──────── Data to use
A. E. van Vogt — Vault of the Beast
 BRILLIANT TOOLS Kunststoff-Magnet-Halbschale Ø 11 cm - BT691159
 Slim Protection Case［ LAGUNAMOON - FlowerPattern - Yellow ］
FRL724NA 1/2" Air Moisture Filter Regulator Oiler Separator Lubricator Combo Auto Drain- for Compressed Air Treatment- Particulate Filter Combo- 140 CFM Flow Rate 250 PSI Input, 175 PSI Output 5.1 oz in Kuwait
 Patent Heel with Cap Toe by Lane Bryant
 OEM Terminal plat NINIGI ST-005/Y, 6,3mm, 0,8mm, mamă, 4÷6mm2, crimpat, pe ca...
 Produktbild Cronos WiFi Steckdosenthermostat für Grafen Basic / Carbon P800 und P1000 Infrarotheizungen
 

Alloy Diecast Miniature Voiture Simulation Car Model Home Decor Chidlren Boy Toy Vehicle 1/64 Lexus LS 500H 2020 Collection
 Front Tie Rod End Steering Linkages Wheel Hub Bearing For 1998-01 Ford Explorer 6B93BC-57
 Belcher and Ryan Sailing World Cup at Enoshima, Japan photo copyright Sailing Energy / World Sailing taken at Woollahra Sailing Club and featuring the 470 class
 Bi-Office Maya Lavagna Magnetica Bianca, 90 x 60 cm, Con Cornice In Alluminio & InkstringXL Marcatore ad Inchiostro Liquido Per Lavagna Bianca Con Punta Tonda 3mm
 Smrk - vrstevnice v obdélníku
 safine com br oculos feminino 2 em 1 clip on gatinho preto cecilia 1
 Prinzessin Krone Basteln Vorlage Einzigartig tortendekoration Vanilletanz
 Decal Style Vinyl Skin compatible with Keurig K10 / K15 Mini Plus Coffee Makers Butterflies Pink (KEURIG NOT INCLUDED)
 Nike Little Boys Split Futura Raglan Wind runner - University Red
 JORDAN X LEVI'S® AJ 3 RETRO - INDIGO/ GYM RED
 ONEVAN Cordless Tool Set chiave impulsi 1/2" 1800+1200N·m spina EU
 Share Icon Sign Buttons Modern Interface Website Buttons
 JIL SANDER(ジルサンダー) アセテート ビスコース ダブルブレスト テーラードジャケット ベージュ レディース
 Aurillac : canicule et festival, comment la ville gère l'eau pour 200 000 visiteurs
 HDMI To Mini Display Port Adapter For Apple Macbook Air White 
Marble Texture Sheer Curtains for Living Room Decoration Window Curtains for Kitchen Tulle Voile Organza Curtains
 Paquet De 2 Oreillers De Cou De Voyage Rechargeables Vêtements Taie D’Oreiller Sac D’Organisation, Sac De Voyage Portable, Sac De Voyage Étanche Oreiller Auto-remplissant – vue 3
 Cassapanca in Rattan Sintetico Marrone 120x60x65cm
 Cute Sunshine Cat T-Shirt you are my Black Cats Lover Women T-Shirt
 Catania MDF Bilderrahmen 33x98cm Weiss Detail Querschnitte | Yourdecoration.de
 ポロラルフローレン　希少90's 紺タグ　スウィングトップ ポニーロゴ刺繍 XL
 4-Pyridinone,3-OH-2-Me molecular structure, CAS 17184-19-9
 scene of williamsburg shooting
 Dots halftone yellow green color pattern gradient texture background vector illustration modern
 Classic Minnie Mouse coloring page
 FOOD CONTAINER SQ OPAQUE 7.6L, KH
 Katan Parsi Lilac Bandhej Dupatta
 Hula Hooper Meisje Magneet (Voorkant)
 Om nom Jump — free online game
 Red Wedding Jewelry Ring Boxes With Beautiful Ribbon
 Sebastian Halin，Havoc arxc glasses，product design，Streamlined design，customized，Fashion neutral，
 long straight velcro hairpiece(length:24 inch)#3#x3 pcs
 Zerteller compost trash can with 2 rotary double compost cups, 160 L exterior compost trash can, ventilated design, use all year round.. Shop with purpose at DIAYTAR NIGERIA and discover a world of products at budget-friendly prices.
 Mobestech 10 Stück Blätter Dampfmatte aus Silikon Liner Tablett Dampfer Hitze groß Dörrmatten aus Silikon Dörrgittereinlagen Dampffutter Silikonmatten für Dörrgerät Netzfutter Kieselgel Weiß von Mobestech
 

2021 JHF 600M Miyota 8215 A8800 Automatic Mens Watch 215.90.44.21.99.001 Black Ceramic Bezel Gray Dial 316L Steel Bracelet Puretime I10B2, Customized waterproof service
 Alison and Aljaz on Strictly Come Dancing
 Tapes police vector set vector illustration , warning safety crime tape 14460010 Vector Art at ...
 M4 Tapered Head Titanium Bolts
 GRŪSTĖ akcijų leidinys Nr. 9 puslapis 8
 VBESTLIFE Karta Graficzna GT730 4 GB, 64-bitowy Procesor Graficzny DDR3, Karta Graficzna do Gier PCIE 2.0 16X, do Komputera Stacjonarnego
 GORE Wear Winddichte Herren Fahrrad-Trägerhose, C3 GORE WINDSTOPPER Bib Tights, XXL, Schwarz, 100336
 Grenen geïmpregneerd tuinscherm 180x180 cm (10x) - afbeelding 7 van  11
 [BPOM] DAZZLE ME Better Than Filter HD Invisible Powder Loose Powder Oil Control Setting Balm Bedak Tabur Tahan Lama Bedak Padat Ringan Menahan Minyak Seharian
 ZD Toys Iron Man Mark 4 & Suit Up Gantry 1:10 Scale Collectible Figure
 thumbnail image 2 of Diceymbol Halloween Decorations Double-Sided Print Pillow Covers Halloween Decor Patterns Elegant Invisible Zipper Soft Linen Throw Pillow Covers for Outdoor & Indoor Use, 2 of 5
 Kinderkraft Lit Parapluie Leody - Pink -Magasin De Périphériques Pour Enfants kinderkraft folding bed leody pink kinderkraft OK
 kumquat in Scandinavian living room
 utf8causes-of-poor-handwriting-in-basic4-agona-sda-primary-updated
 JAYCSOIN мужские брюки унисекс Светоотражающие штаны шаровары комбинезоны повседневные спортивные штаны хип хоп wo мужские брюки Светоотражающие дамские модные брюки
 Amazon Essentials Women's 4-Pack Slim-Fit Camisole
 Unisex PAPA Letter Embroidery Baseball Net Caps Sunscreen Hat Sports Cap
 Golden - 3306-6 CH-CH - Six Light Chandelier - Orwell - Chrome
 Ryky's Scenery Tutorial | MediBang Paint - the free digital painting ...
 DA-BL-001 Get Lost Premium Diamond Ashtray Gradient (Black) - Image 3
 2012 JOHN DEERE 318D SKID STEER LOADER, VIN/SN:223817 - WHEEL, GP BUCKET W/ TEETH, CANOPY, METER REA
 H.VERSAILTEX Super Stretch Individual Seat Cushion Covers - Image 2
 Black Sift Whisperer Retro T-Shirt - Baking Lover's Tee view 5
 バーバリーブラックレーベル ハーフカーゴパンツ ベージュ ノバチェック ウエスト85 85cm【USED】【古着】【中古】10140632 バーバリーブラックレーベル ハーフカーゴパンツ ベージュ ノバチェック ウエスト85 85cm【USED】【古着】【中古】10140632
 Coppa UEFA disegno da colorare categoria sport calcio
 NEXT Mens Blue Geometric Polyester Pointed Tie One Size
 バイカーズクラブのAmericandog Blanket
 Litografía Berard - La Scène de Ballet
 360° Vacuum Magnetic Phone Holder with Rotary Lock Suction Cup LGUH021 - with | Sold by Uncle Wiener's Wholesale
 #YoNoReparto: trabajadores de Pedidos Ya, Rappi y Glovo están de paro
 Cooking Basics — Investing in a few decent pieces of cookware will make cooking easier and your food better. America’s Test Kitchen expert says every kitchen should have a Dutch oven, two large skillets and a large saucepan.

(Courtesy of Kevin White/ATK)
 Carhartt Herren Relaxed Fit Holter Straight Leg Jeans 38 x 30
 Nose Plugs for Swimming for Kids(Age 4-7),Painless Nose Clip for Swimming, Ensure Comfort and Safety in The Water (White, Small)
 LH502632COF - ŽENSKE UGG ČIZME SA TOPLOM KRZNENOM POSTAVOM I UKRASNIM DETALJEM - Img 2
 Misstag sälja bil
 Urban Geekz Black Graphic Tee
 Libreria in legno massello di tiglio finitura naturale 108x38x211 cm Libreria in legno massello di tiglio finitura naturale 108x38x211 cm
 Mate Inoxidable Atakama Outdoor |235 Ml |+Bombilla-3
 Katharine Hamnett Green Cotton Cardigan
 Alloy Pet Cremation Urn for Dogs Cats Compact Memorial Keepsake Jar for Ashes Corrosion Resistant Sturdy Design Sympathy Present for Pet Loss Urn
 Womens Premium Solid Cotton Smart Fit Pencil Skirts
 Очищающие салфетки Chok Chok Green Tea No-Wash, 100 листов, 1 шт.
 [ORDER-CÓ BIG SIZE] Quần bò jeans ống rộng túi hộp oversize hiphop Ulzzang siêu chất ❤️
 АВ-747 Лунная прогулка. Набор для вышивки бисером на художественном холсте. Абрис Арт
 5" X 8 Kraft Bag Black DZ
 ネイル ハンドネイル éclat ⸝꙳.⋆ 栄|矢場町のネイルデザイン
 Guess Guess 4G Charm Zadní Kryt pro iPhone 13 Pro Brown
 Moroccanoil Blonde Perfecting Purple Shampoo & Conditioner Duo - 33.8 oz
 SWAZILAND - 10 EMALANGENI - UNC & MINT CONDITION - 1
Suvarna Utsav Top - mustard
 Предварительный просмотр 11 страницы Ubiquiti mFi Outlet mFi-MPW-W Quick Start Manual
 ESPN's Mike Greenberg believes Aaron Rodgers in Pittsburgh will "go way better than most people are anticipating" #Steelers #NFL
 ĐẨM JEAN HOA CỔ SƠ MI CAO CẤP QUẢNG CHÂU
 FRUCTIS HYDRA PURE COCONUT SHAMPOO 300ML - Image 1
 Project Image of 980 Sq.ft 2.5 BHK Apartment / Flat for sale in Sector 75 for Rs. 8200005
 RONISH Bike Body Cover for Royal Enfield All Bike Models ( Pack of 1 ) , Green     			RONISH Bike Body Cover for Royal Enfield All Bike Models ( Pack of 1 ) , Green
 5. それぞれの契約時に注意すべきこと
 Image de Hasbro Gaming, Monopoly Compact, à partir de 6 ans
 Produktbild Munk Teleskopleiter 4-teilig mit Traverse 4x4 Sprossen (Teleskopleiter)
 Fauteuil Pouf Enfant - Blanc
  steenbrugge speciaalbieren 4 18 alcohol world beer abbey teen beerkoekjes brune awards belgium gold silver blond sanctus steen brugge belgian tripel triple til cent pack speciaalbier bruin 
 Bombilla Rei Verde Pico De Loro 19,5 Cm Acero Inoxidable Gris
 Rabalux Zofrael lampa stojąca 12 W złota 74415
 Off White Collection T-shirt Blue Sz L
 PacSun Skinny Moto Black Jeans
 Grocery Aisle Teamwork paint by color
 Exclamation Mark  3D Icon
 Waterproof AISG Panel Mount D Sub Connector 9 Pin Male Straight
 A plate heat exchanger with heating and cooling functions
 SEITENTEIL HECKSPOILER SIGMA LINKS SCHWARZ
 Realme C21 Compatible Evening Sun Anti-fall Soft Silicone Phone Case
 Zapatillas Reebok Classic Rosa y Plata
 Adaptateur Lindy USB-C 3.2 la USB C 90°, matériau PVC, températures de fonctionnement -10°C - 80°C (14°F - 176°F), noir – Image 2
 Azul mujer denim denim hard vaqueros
────────────────
*Activity*: Exactly the lines from the start of the entries through the one bearing "JORDAN X LEVI'S®" are to be output, with both ends included.

*Reply*:
A. E. van Vogt — Vault of the Beast
 BRILLIANT TOOLS Kunststoff-Magnet-Halbschale Ø 11 cm - BT691159
 Slim Protection Case［ LAGUNAMOON - FlowerPattern - Yellow ］
FRL724NA 1/2" Air Moisture Filter Regulator Oiler Separator Lubricator Combo Auto Drain- for Compressed Air Treatment- Particulate Filter Combo- 140 CFM Flow Rate 250 PSI Input, 175 PSI Output 5.1 oz in Kuwait
 Patent Heel with Cap Toe by Lane Bryant
 OEM Terminal plat NINIGI ST-005/Y, 6,3mm, 0,8mm, mamă, 4÷6mm2, crimpat, pe ca...
 Produktbild Cronos WiFi Steckdosenthermostat für Grafen Basic / Carbon P800 und P1000 Infrarotheizungen
 

Alloy Diecast Miniature Voiture Simulation Car Model Home Decor Chidlren Boy Toy Vehicle 1/64 Lexus LS 500H 2020 Collection
 Front Tie Rod End Steering Linkages Wheel Hub Bearing For 1998-01 Ford Explorer 6B93BC-57
 Belcher and Ryan Sailing World Cup at Enoshima, Japan photo copyright Sailing Energy / World Sailing taken at Woollahra Sailing Club and featuring the 470 class
 Bi-Office Maya Lavagna Magnetica Bianca, 90 x 60 cm, Con Cornice In Alluminio & InkstringXL Marcatore ad Inchiostro Liquido Per Lavagna Bianca Con Punta Tonda 3mm
 Smrk - vrstevnice v obdélníku
 safine com br oculos feminino 2 em 1 clip on gatinho preto cecilia 1
 Prinzessin Krone Basteln Vorlage Einzigartig tortendekoration Vanilletanz
 Decal Style Vinyl Skin compatible with Keurig K10 / K15 Mini Plus Coffee Makers Butterflies Pink (KEURIG NOT INCLUDED)
 Nike Little Boys Split Futura Raglan Wind runner - University Red
 JORDAN X LEVI'S® AJ 3 RETRO - INDIGO/ GYM RED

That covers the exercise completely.